Quand on réduit la taille des transistors, les circuits intégrés deviennent plus
puissants, plus rapides et dissipent moins de chaleur : l’essentiel des progrès
que décrit la
"loi de Moore"
résulte d’une miniaturisation qui a, par ailleurs, permis de concentrer la
mémoire et la puissance de calcul dans des volumes de plus en plus réduits.
Lorsque les dimensions se réduisent on passe
progressivement de la taille du micromètre µm (on l'appelait jadis "micron", il
mesure un millième de millimètre ou 10-6 m) à celle du nanomètre nm
(un millième de micromètre ou 10-9 m). On considère alors un univers
physique très différent de celui de notre vie courante :
- le nanomètre est l’ordre de grandeur des
molécules et des atomes ; il permet d’observer leur comportement individuel
alors que nous ne percevons d’habitude que le résultat statistique du
comportement de nombreux atomes, molécules et cellules ;
- à cette dimension le modèle qui décrit les
phénomènes physiques est celui de la mécanique quantique qui associe à chaque
particule une onde probabiliste, et on n’y voit pas grand chose : la limite en
dessous de laquelle tout apparaît flou est de 0,5 µm pour les microscopes
optiques ordinaires, de 0,2 nm pour les microscopes électroniques.

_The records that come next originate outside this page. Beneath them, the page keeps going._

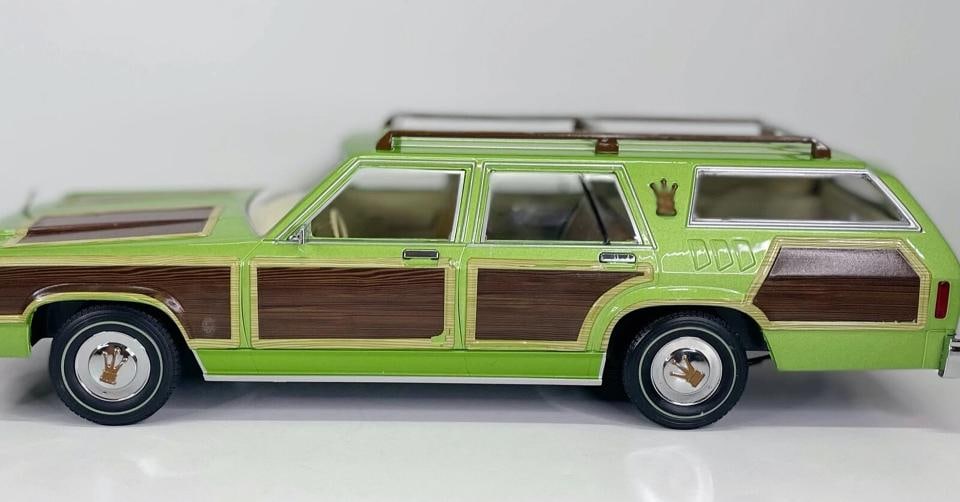 CHEVY CHASE M ANTHONY HALL B D'ANGELO BARRON 1:18 National Lampoons Car JSA COA - 2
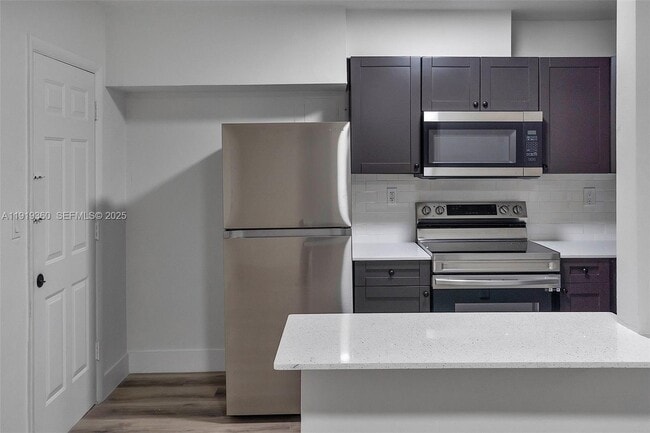 Photo - 4037 SW 65th Ave Unit 12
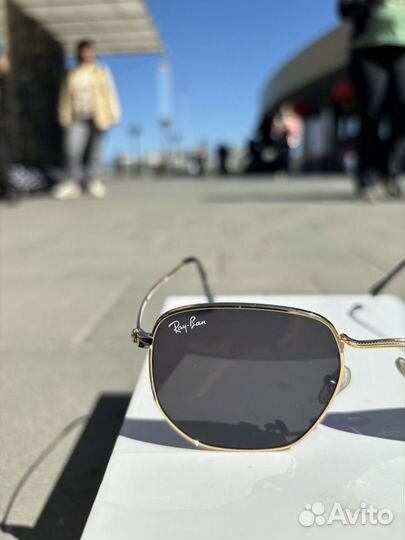 Солнцезащитные очки RAY BAN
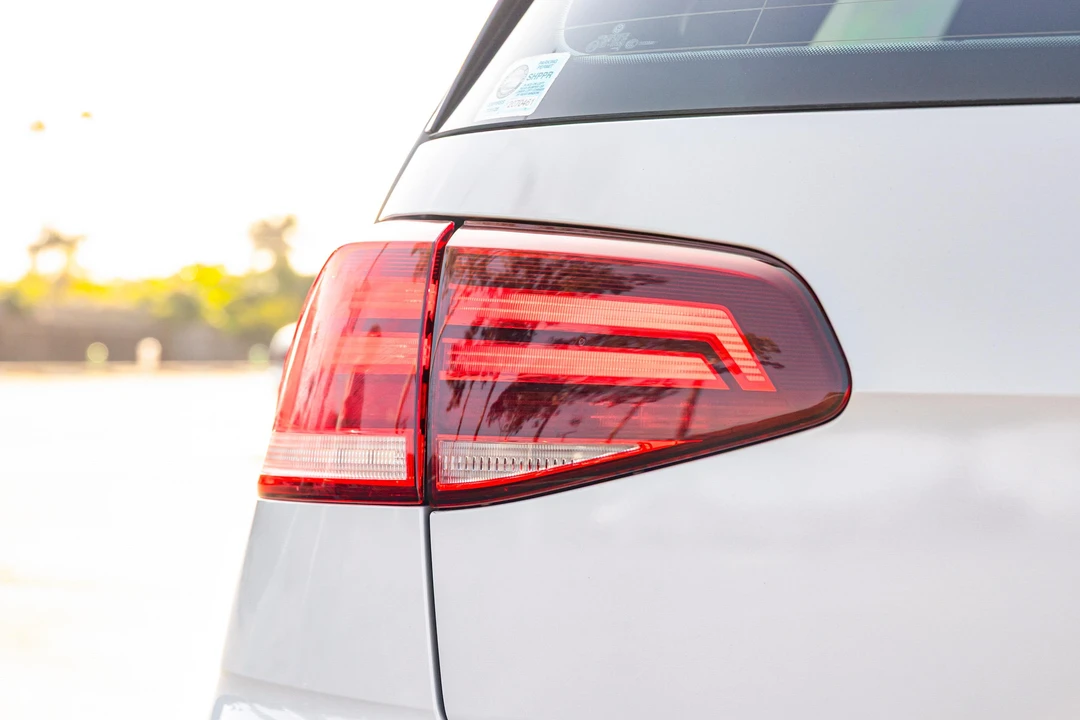 2018 Volkswagen GTI Mk7 - Image 13 of 31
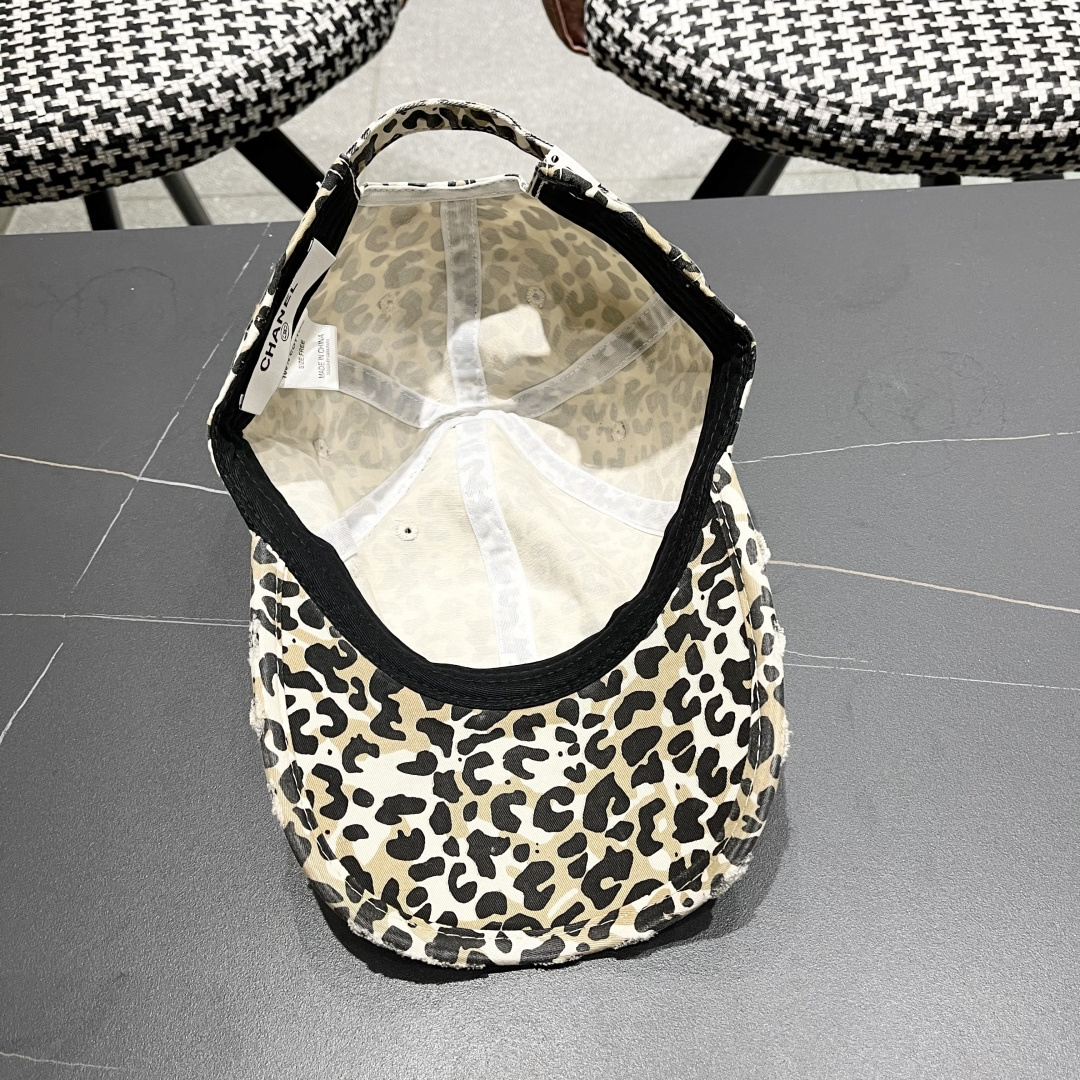 香奈儿新款豹纹棒球帽，很酷的色系，女佩戴都有不同style，第一批抢先出货！香粉必入款！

Les modèles qui rendent compte du nanomonde
sont donc spécifiques ainsi que les outils que l’on peut y utiliser et ceux
qu’il fournit.
* *
Les premières réalisations se situent dans
le prolongement de la microélectronique : il s’agit d’obtenir des circuits
intégrés toujours plus performants. Mais d’autres réalisations se profilent :
les nanotechnologies permettent une ingénierie moléculaire (comme par exemple la
production de nanotubes de carbone), et aussi, en jouant avec les protéines, une
« programmation » qui, en utilisant le vocabulaire des molécules d’ADN, semble
enjamber la frontière entre l’inerte et le vivant.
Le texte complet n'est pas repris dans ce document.